Community Discusses Future Development
By Janine Calsbeek – Staff Writer (Sioux County Capital Democrat)
ORANGE CITY – What do we need? Who are we missing? Where are the walls?
What can churches do to better serve the citizens of the community? That’s what Bonnie De Jong, Teresa Gunderson and Jon Nelson – people from First and Trinity Reformed churches – got together to discuss. Their conversation quickly turned to the roles of business and non-profits as well.
Mike Callagy, a retired civil engineer who worked on community development projects in California, joined their discussion.
And, they decided to invite townspeople and community leaders for open forums – community development summits.
The first was held on Wednesday, Jan. 7, with Dave Nonnemacher and Michael Andres of Northwestern College presenting the theology of community development. The following week, a group of 40 did some brainstorming and list making. “What does our community need?”
The final two sessions will be critical, said Callagy…thinking of ways to implement the ideas.
Nelson, associate pastor at Trinity, is interested in helping all people of the community succeed, including the people in the “margins.” Do systems and organizations here provide opportunities for everyone to excel? He asked.
You’ve heard the saying; “Give a man a fish. He’ll eat for a day,” said Nelson. “Teach a man to fish. He will eat for a lifetime.”
“But, the big question is, who owns the pond? That is a statement by John Perkins about community development, and it needs to be asked,” said Nelson. “Are those who own ‘the pond’ willing to help others so they can succeed as well? If we profess our faith in Jesus Christ, we are called to be reconcilers, restorers and healers actively participating in God’s redemptive work.”
Nelson wonders if there is a way that non-profits and churches could work together more extensively.
When he brainstorms, thinking of local businesses that are for sale, he wonders if someone could purchase a business and continue to run it as a for-profit endeavor, but offer a few jobs for women at The Bridge?
He thinks the notion of businesses and non-profits working together is an idea with potential, but maybe there are other creative ideas out there. He also believes that community leaders and organizations would benefit from this type of collaboration.
There are many innovators in the community who could bring about needed change that would bless many, added Nelson. “Are they being asked for their input?”
“Quality of place”
Mike and Pat Callagy spent 30-plus years in south-central California, doing land development, civil engineering, and project development. Their city, Bakersfield, is 110 miles north of Los Angeles, an agricultural and oil-rich region.
When they moved here, they left kids in California, but joined others in Orange City; their daughter is Laurie Furlong, a professor at Northwestern.
Nelson approached Mike Callagy recently. “You’re not from here,” he said. “What does this community need?”
Another retirement community – that’s one of Callagy’s ideas. Pat’s mother is on the five to seven-year waiting list for Landsmeer, a long wait.
And how about housing for the many who work here, but don’t live here?

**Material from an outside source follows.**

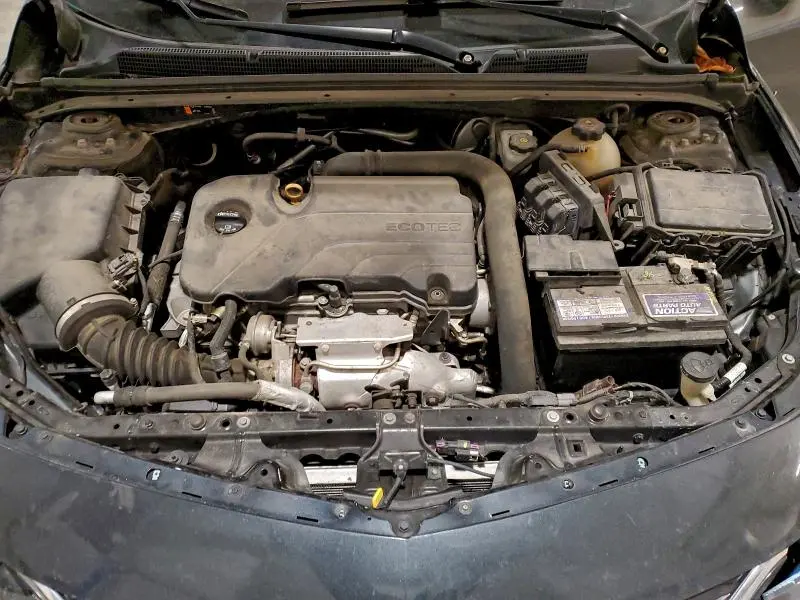 2016 CHEVROLET MALIBU LT  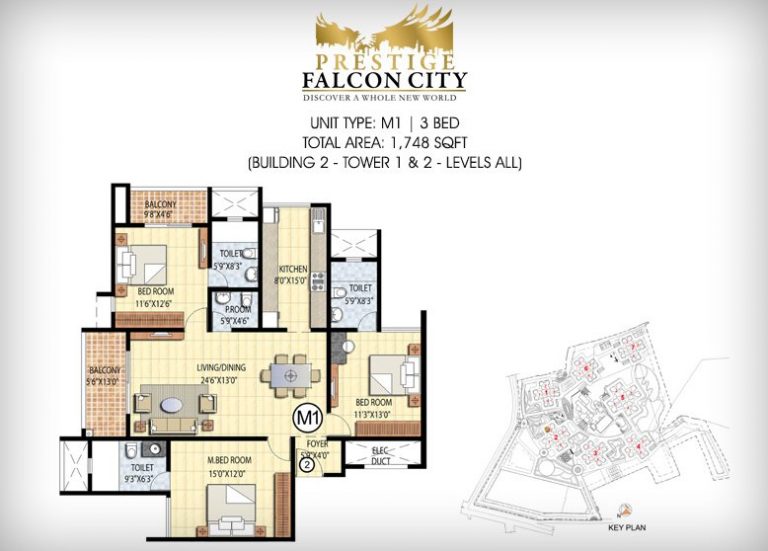 3-bhk-1748-prestige-falcon-city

Another of Callagy’s hopes is that Orange City will put in place necessary zoning to prevent leapfrog development, to protect the downtown flavor of the town.

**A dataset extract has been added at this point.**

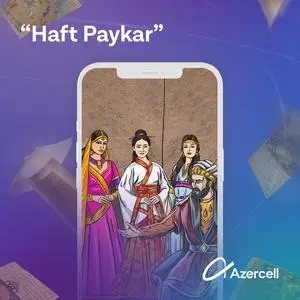 «Haft Paykar» by Nizami Ganjavi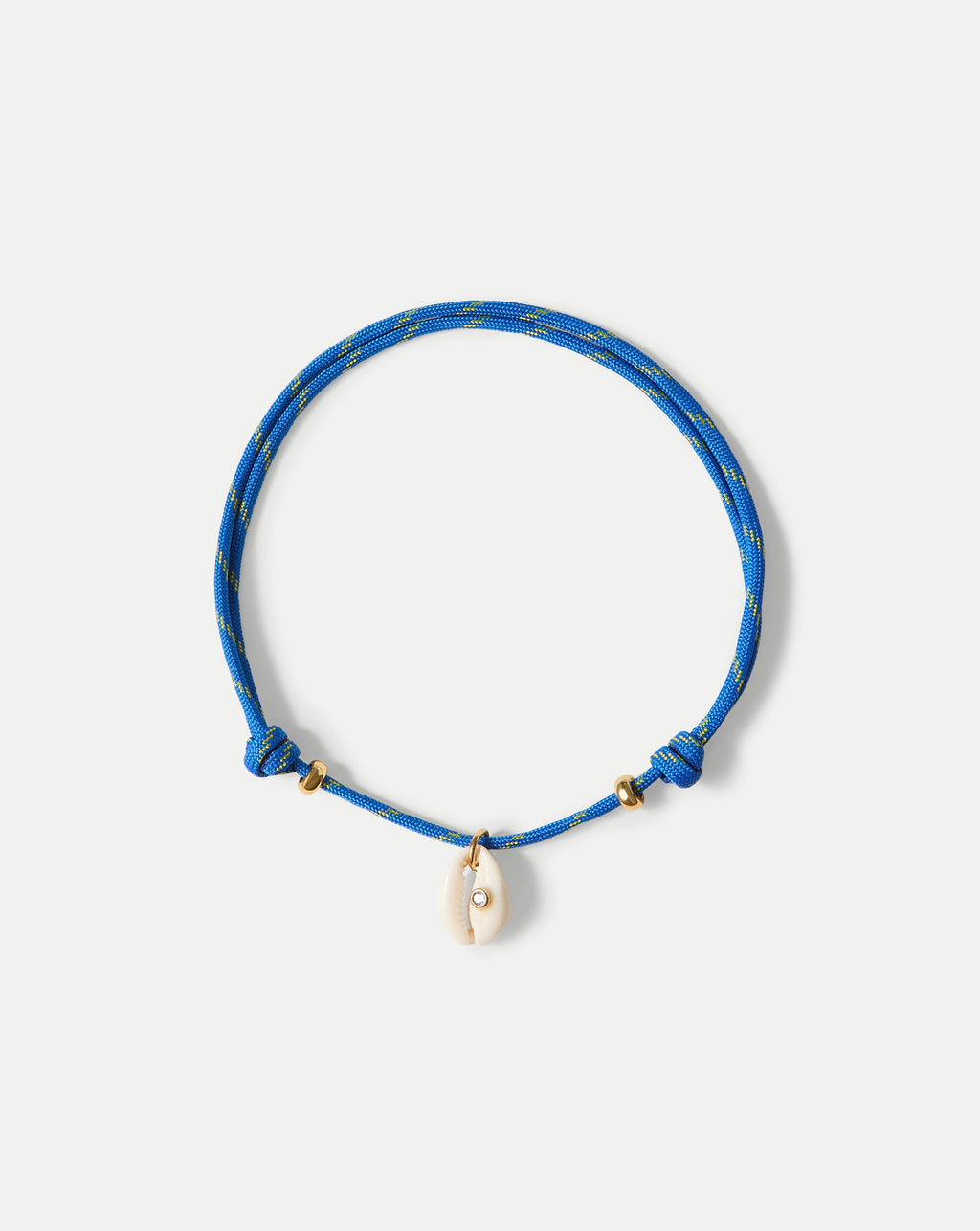 Collier en coquillage de cauri Lyle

Yes, a mall on Hwy. 10 might be good for the area, he said, as long as it doesn’t starve downtown.
Bakersfield is much larger than Orange City, but it’s an agricultural town, so it resembles this place. A redevelopment project was suggested for the Bakersfield downtown region…a down town mall to encompass the already-thriving businesses there. But those businessmen told the developer to “go away.” They were doing just fine.
A few years later, the developer built an enormous mall just outside of town, triple the size of the mall in Sioux City, said Callagy. And downtown suffered.
It took 35 years and huge amounts of work and resources to restore the Bakersfield downtown region.
It’s easier to protect first, Callagy said.
Mike Hofman, Chamber of Commerce director in Orange City, believes that good ideas will be gleaned from the Wednesday morning meetings. It’s great that people want to be involved in the process, he said.
His term is “quality of place.” It’s bigger than “quality of life” – more encompassing – and includes “the whole place as a benefit for everyone,” he said.
“Why is this a good place to be? What can we do for others?” Hoffman asked.
“We may be biting off more than we can chew, in these community summit meetings,” said Nelson, “because community development covers so many areas. But, I am very interested in seeing what may happen. Great innovations, businesses, and ministries are all created through someone’s inspired idea.”
Callagy hopes that the last two meetings are productive, and that some of the linchpins of the communithy will back a few projects. Crucial, also, is involvement of the Chamger, city and county, and the city of Alton.
Key components will be identified, then prioritized. “If one or two ideas are implemented in 2009, and one or two started,” Callagy said, that would be a framework. It would be a sign of progress, and momentum would build. There’s potential for a lot of good to result, said.
“Implementation is critical,” Callagy said. “This is where community development usually falters.”